LE DESTIN DE TONTON JULES.
LE DESTIN DE TONTON JULES.

            LE DESTIN DE TONTON JULES.

 

Tonton Jules était le frère de ma grand-mère.

Je l’aimais beaucoup.

Comme la quasi-totalité des garçons de la Corse du Sud, tonton Jules allait avec ses frères au lycée d’Ajaccio, mais contrairement à ses frères, tonton Jules travaillait très mal, et s’il avait le sens inné des bonnes manières, il n’en demeurait pas moins complètement nul sur les bancs de l’école.

On le pria bien gentiment de quitter le lycée et sa maman désespérée dut tout de même se rendre à l’évidence.

Son fils aîné était un cancre.

Il était destiné à vivre médiocrement et, malgré son dépit, la douce maman le plaça comme apprenti, dans une boulangerie ajaccienne.

            La destinée de Jules semblait toute tracée, mais la vie est étrange, elle réserve parfois de très grandes surprises.

Bien qu’ayant quitté le lycée, son ami intime lui conserva toute son amitié et ses moments de loisir.

Cet ami, c’était le fils du Préfet.

 

 

            1914. La guerre est déclarée

            Mme Thibon, l’épouse du préfet d’Ajaccio, est en pleine déprime.

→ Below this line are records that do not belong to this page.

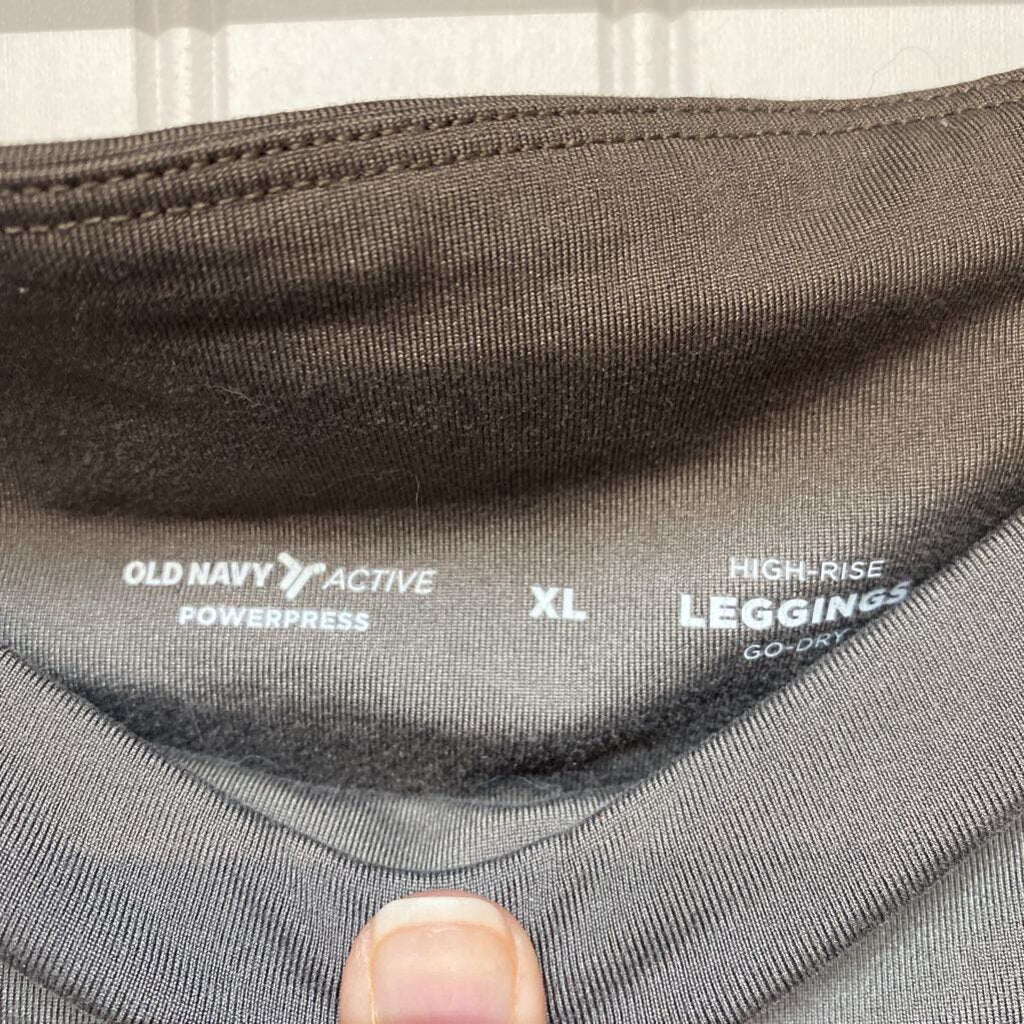 HIGH RISE LEGGINGS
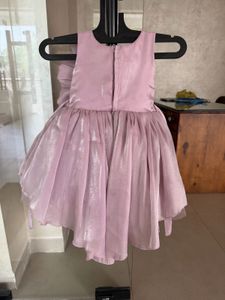 Baby Lavender Party Dress
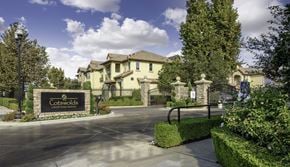 Fresno apartment for rent - Community Entrance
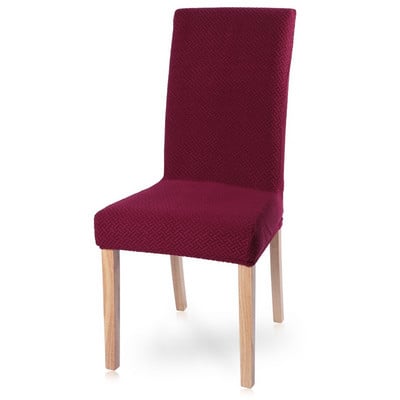 Huse pentru scaune jacquard, elastice, pentru scaune pentru sufragerie, pentru bucătărie, banchet, nuntă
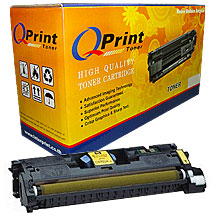 Compatible HP C9702A Yellow Toner Cartridge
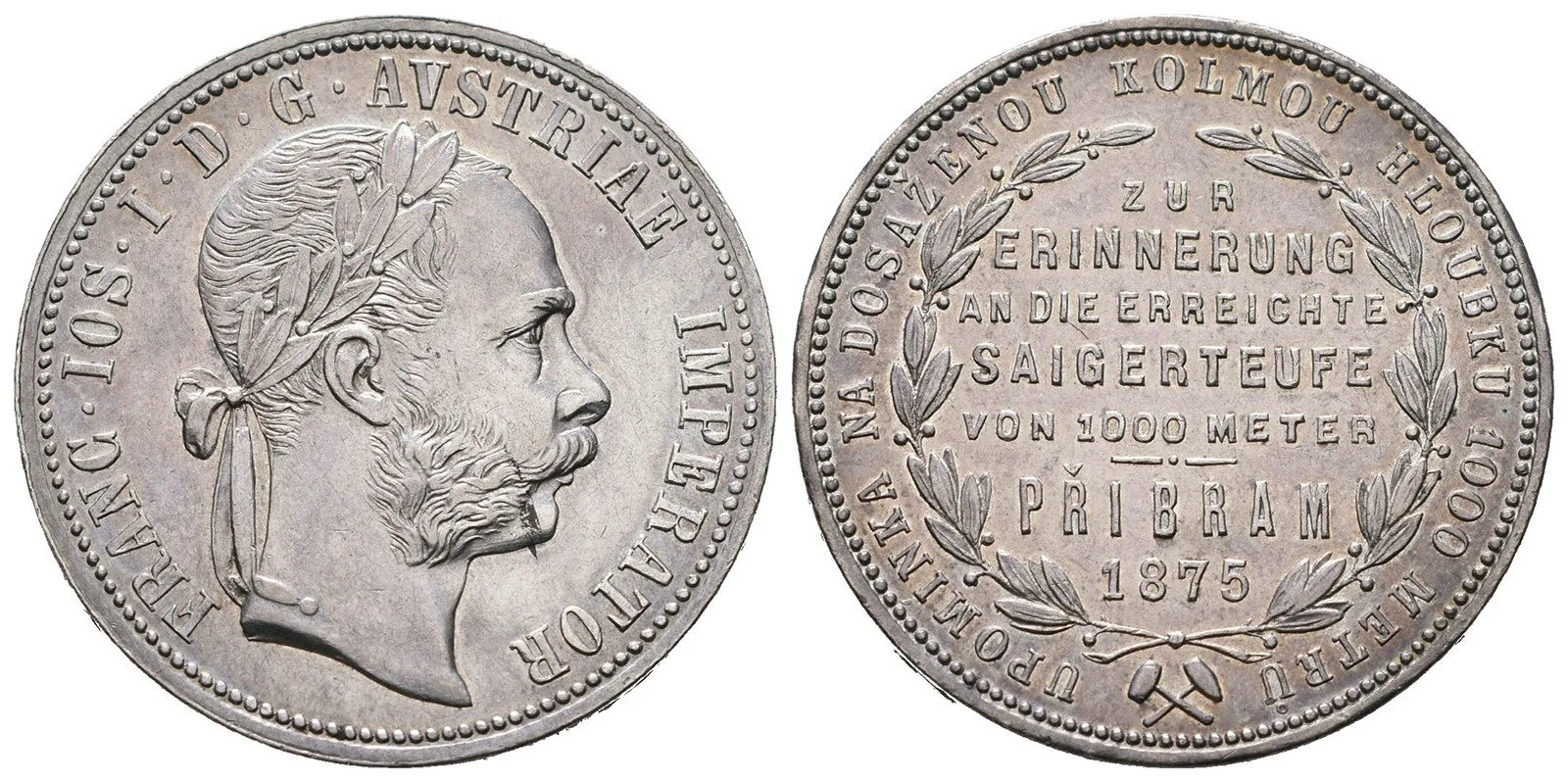 Rakouská a spolková měna, 1857 - 1892 — 1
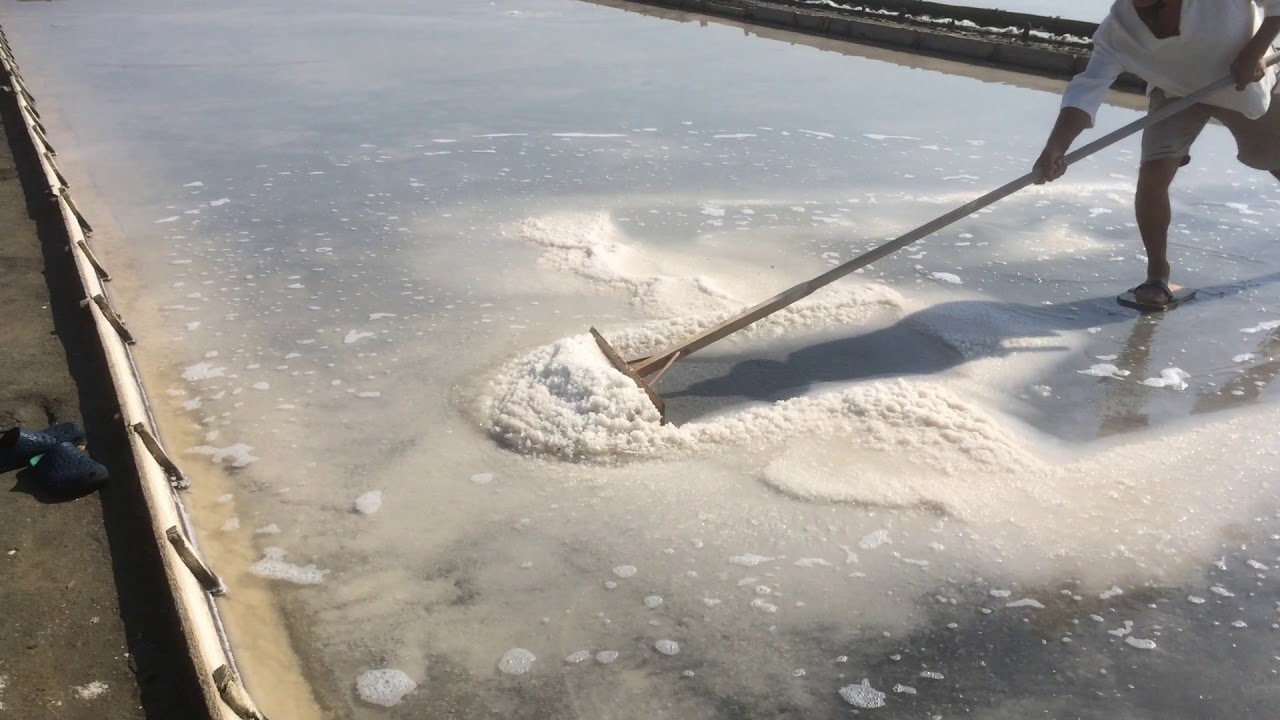 Production of salt - Piranske Soline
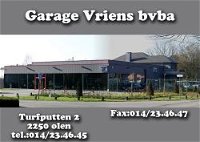 Garage Vriens BVBA in Olen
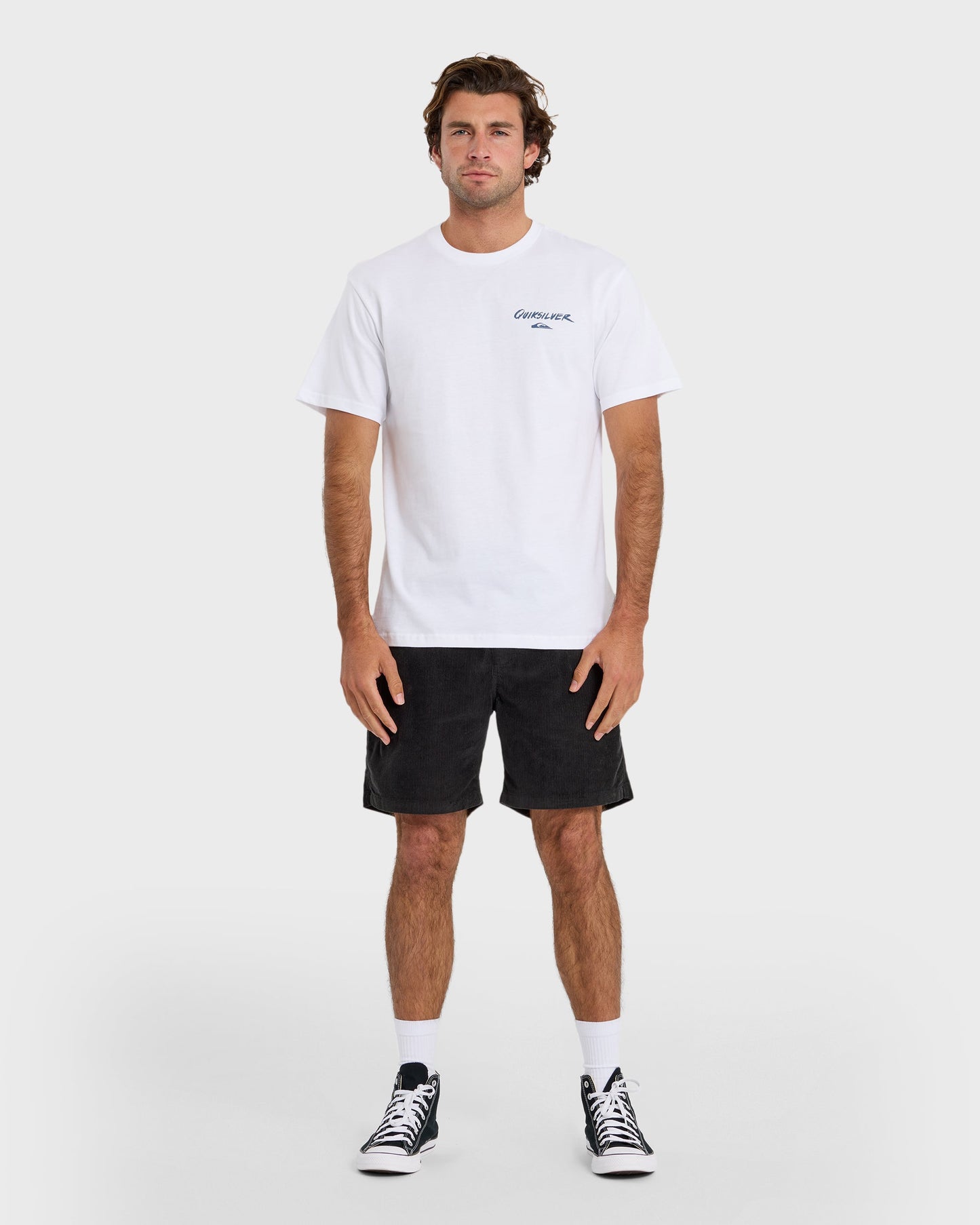 Pipe Dream Short Sleeve T-Shirt - White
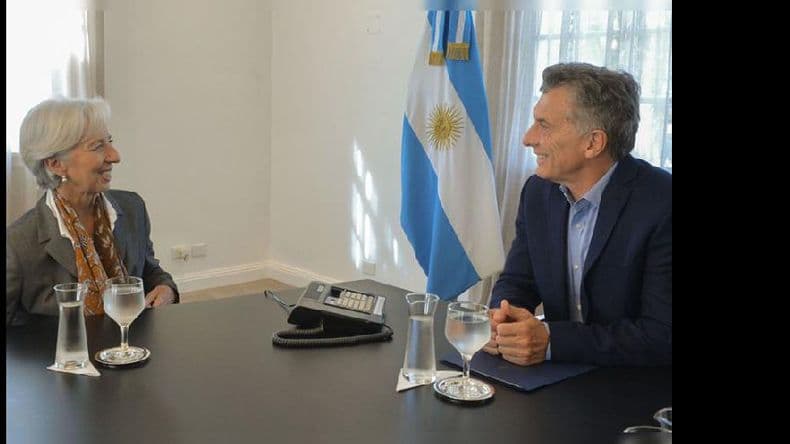 Macri recibió a Lagarde en Olivos: elogios al pacto fiscal y al gradualismo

Elle pleure, se lamente. Elle a prié et supplié son mari de préserver leur fils aîné. Malheureusement, le préfet est resté inflexible.

            — Un fils de préfet doit donner l’exemple. Il est de son devoir de rejoindre les rangs, défendre la France, comme les autres, et avec beaucoup plus d’héroïsme que les autres, puisqu’il est fils de préfet ! 

 

 

            Malgré quelques blessures, mes oncles retrouvèrent leur île. 

 

Le fils du préfet ne revint pas.

 

             À son retour au pays natal, tonton Jules se précipita chez la malheureuse maman. Celle-ci était désespérée.

Elle avait perdu son fils, mais il lui restait l’ami de ce fils tant aimé.

Grâce à sa présence, elle retrouvait un peu de son enfant.

Aussi demanda-t-elle à Jules de ne plus les quitter.

Malgré sa mauvaise orthographe, tonton Jules devint l’homme de confiance du préfet.

 

            Madame Thibon se mit à détester Ajaccio. 

Dans cette ville, le souvenir de ses malheurs se trouvait particulièrement intense.

De surcroît, le climat était la cause de ses douleurs rhumatismales.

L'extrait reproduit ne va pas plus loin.